_Task item:_
The reply should contain only the lines from the start of the records through the line with "V-Neck Cold Shoulder", reproduced verbatim and without pictures.

===== Data provided =====

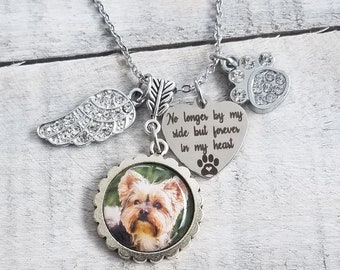 No longer by my side but forever in my heart Photo Charm Necklace Dog Cat Pet Memorial Keepsake, In Memory of, Loss of Pet Personalized Name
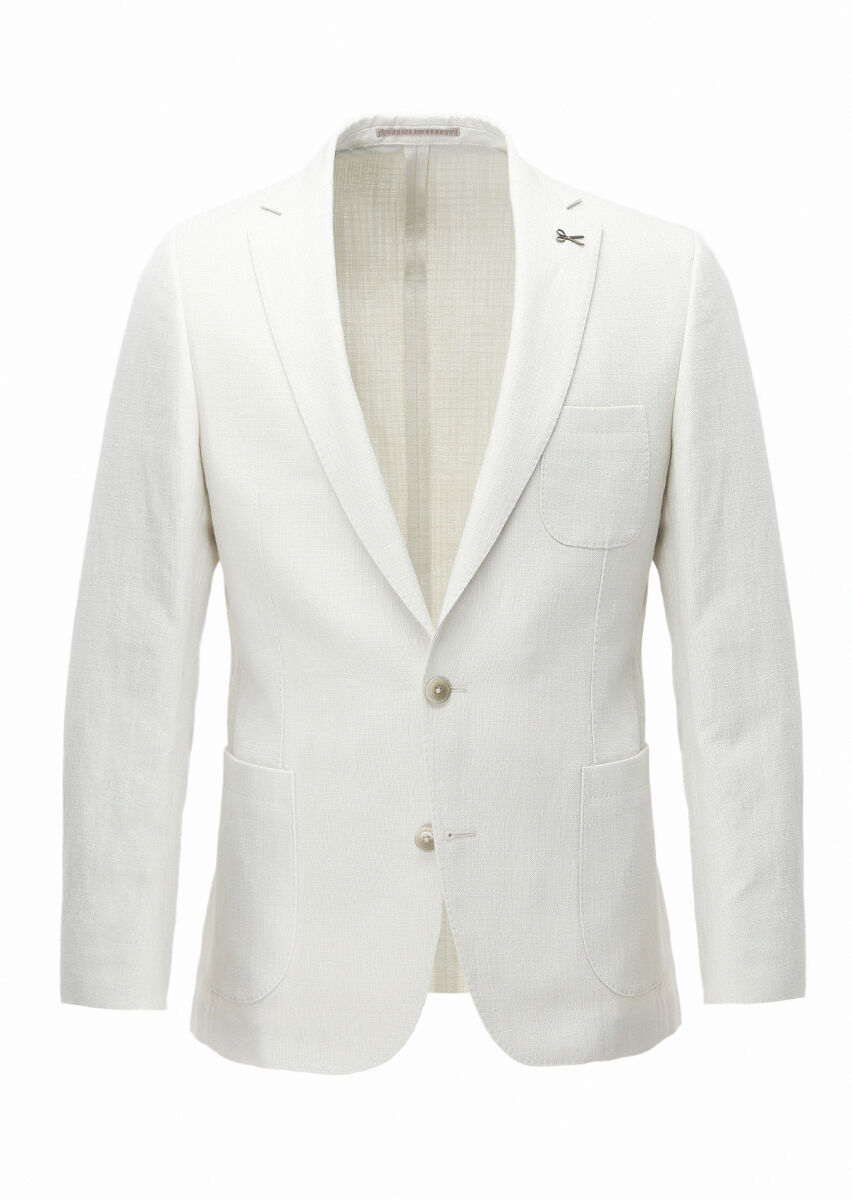 Ecru Micro Shirt Shoulder Slim Fit Cotton Blended Jacket - 7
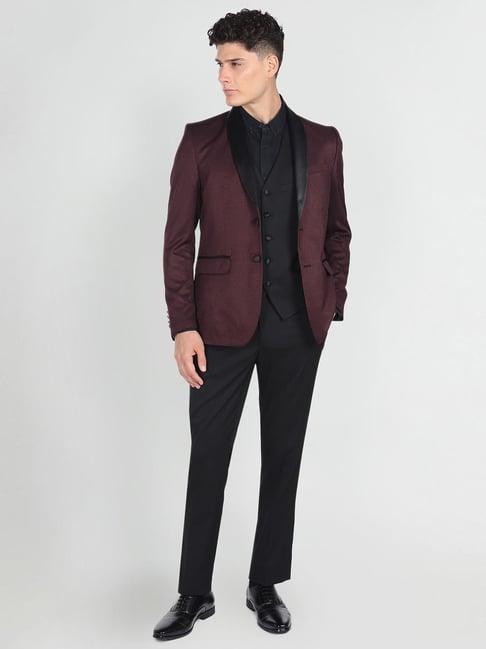 arrow wine & black regular fit self pattern three piece suit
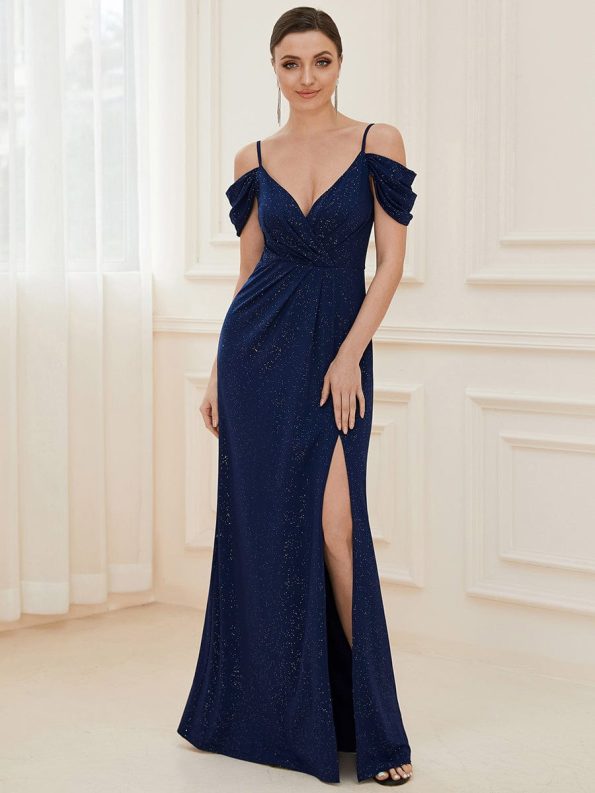 V-Neck Cold Shoulder Floor-Length Evening Dress - Navy Blue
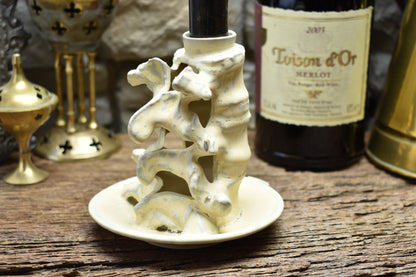 Spine candle holder small beige effect glaze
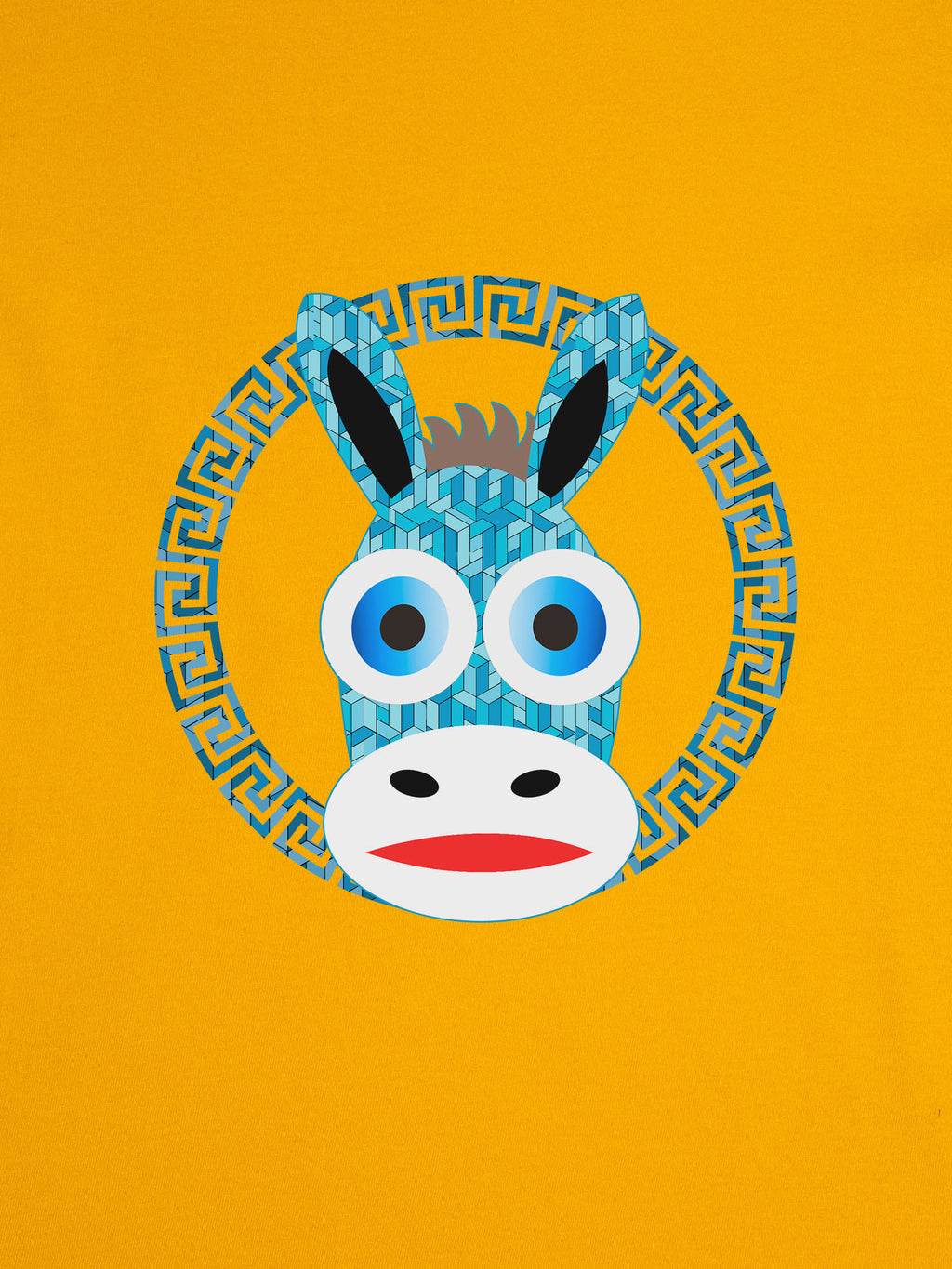 Donkey Face Greek Key Badge - T-Shirts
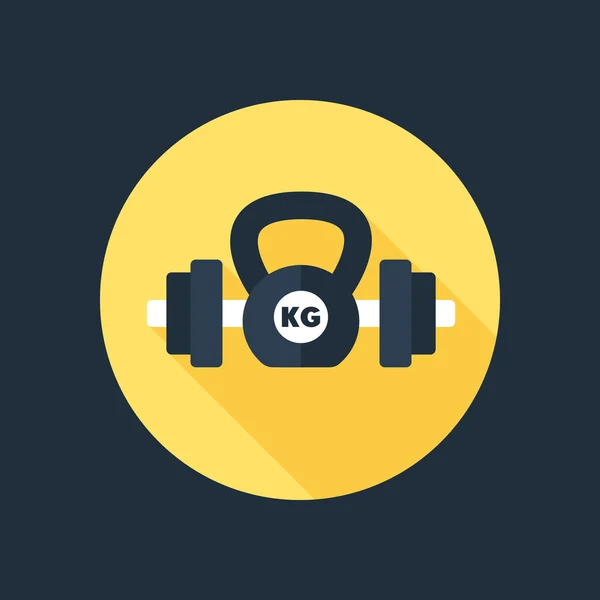 Fitness flat icon, barbell and kettlebell, vector illustration — ストックベクタ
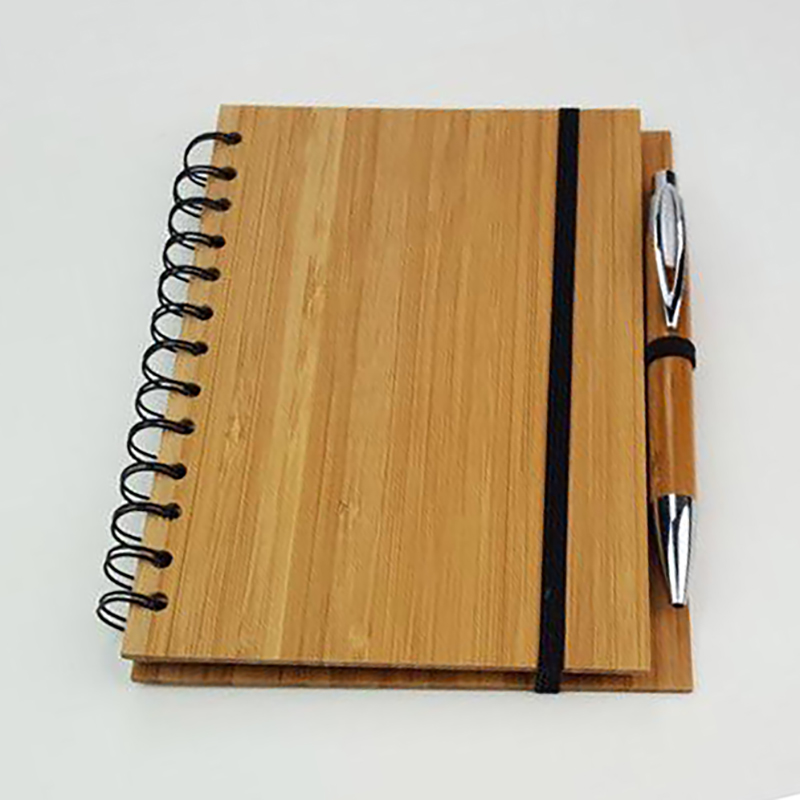 Wood Bamboo Cover Notebook Spiral Notepad With Pen 70 Sheets Recycled lined Paper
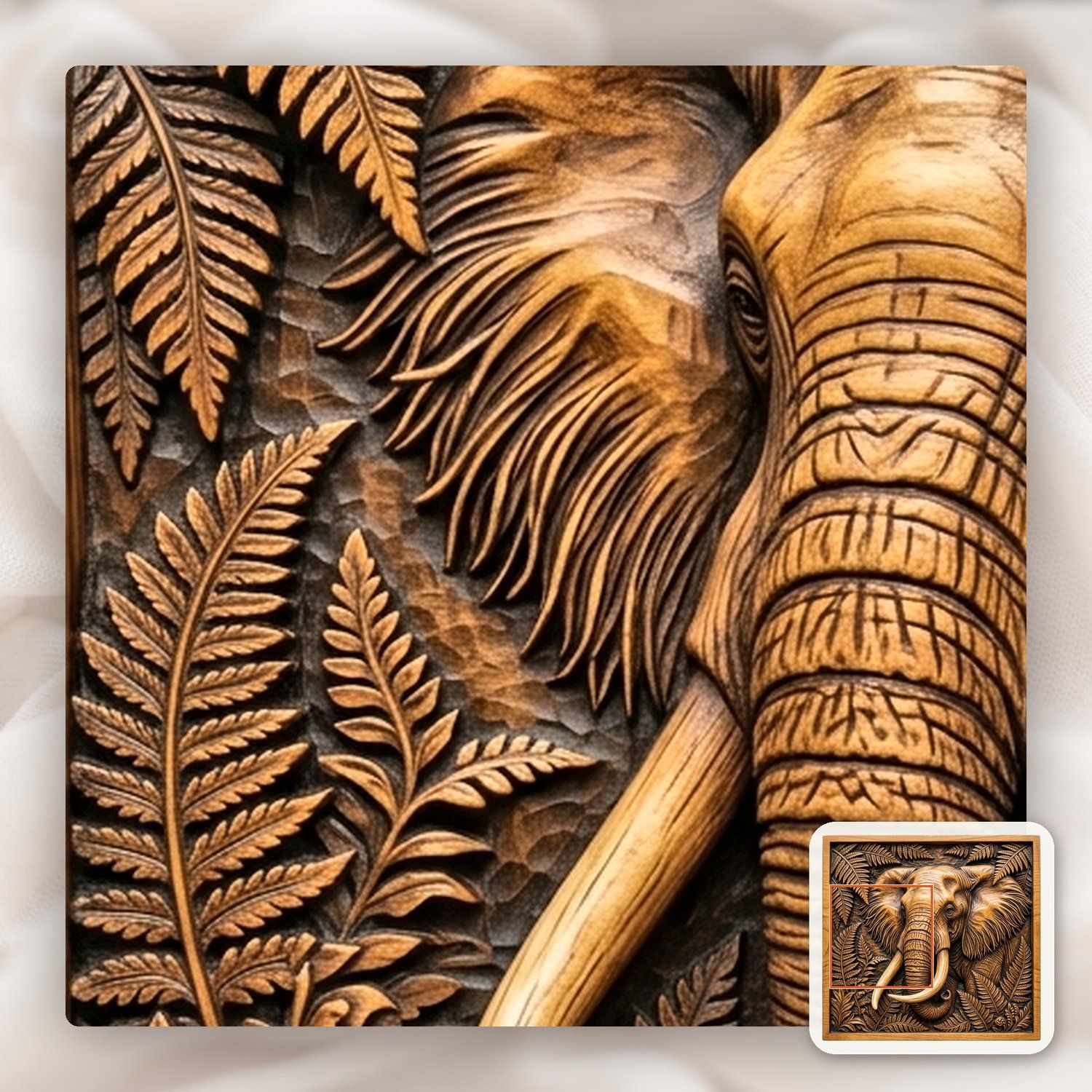 Majestic Elephant Wildlife Scene CNC Relief STL bas-relief STL — view 11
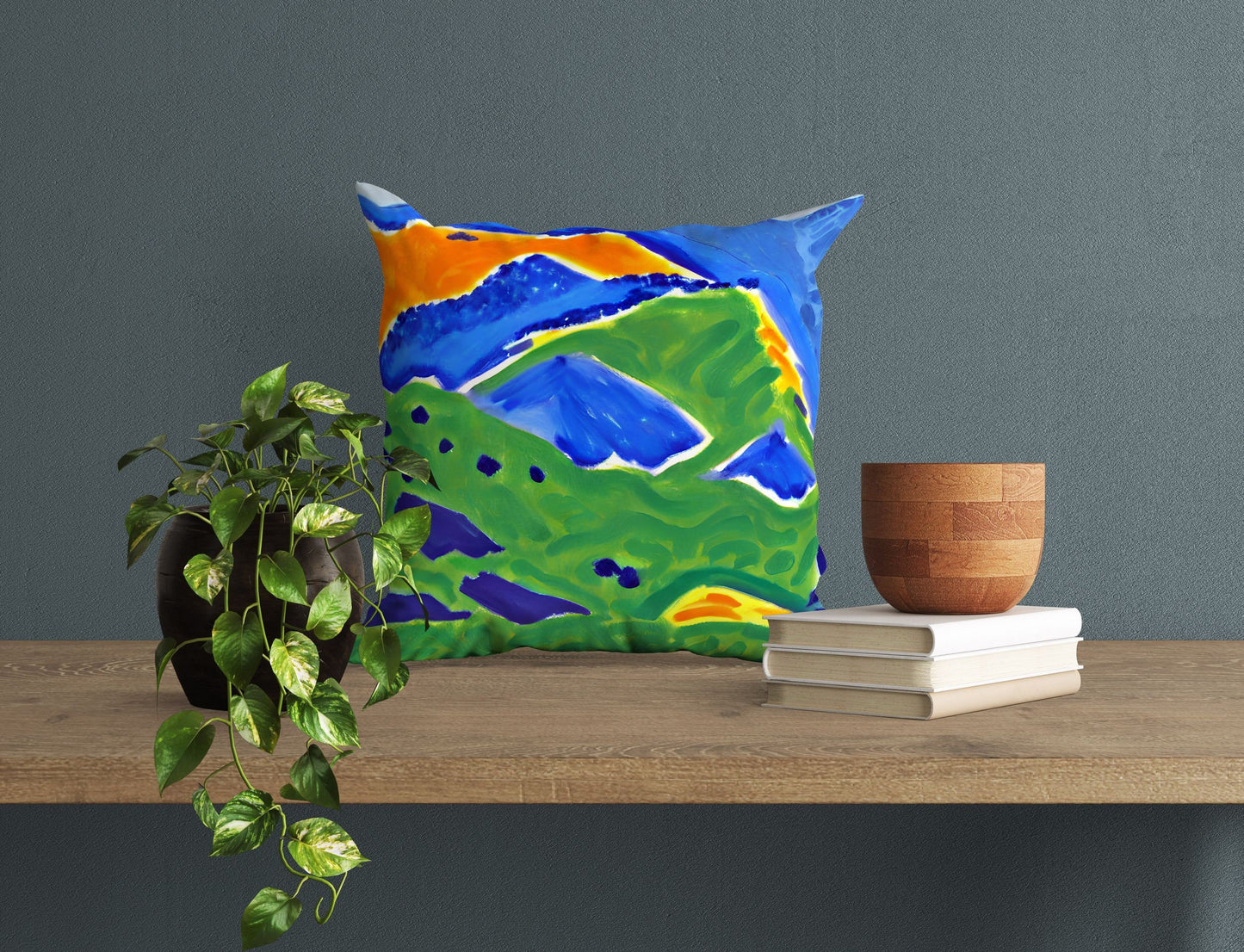 Abstract Landscape With Hills Tapestry Pillows, Abstract Art Pillow, Art Pillow, Large Pillow Cases, Christmas Pillow, Abstract Decor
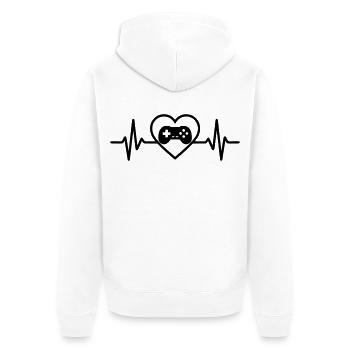 Herz Retrogaming – Vintage Game Console - Unisex Premium Organic Zip Hoodie - white - Back - Thijin (182cm)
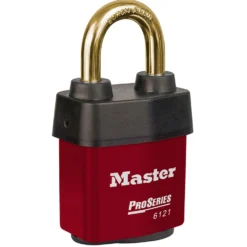 2-1/8in (54mm) Wide ProSeries® Weather Tough® Laminated Steel Rekeyable Pin Tumbler Padlock, Brass Shackle, Keyed Alike, Red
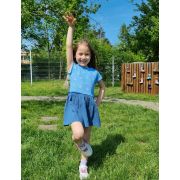 Rochita de vara din jersey cu fustita muselina, Deep Blue, 6-7 ani KDERVJM67DBLUE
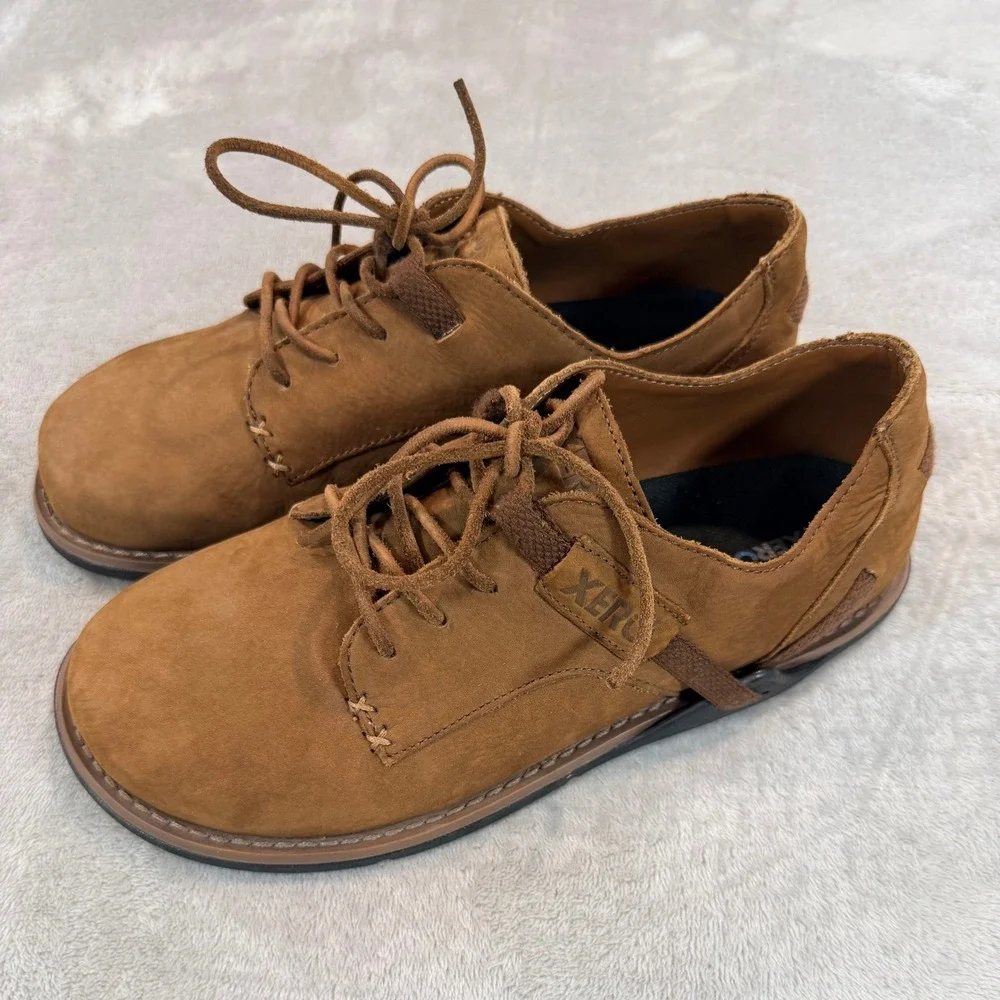 Xero‎ Shoes Mens Alston Barefoot Leather Oxford Dress Shoes Brown 7.5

=====

_Exercise result:_
 No longer by my side but forever in my heart Photo Charm Necklace Dog Cat Pet Memorial Keepsake, In Memory of, Loss of Pet Personalized Name
 Ecru Micro Shirt Shoulder Slim Fit Cotton Blended Jacket - 7
 arrow wine & black regular fit self pattern three piece suit
 V-Neck Cold Shoulder Floor-Length Evening Dress - Navy Blue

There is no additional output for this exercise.